### Material provided

========

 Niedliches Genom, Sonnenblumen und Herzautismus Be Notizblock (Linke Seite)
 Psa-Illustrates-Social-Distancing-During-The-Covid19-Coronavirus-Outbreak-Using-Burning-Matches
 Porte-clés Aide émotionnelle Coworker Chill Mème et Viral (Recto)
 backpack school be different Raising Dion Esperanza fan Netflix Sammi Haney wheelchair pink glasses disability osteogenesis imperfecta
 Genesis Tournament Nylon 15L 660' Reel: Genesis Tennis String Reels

========

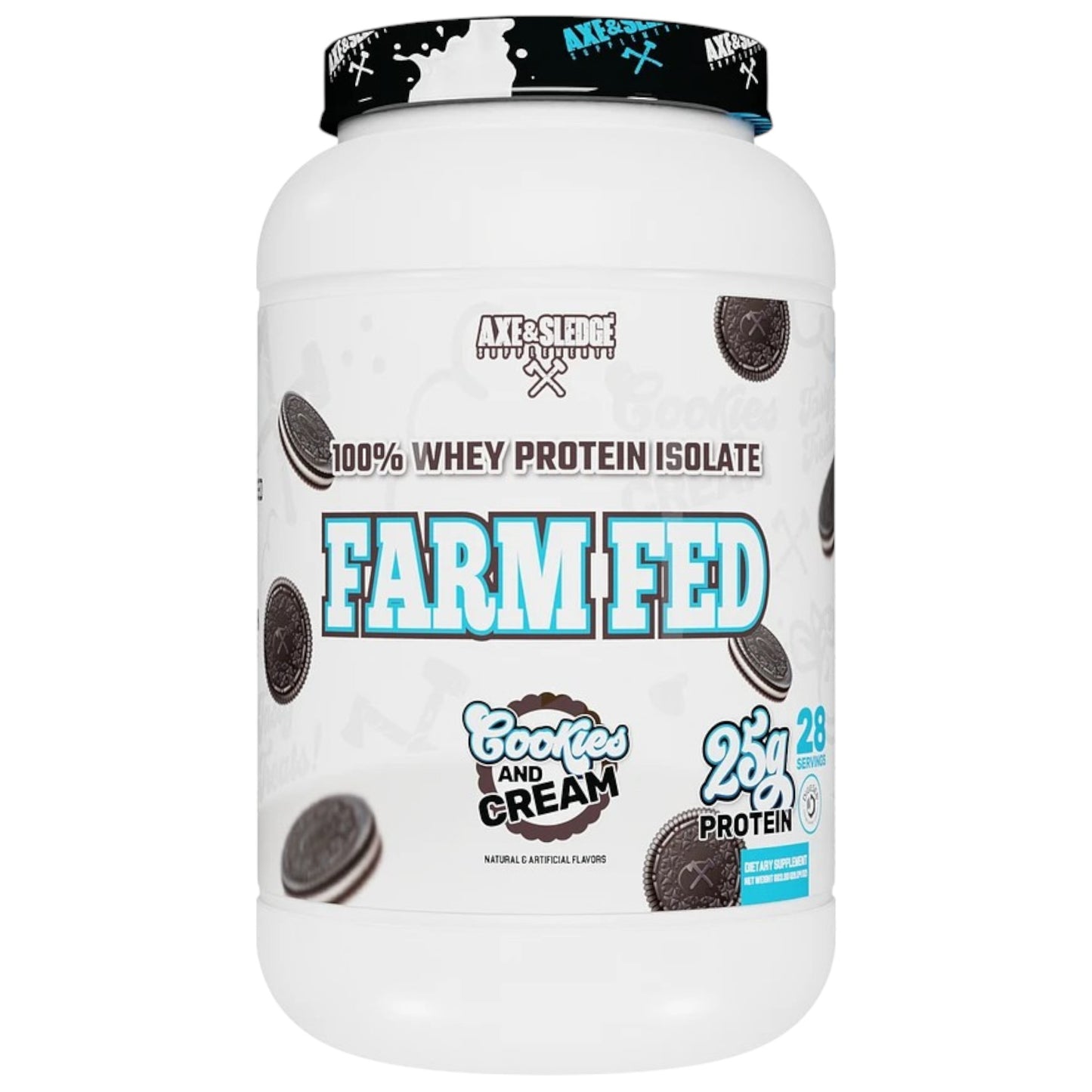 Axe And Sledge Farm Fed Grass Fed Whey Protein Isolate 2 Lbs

========

### Work order
The reply should consist solely of the lines above from the one that has "Porte-clés Aide émotionnelle" through the one that has "Genesis Tournament Nylon", reproduced exactly.

### Finished task
 Porte-clés Aide émotionnelle Coworker Chill Mème et Viral (Recto)
 backpack school be different Raising Dion Esperanza fan Netflix Sammi Haney wheelchair pink glasses disability osteogenesis imperfecta
 Genesis Tournament Nylon 15L 660' Reel: Genesis Tennis String Reels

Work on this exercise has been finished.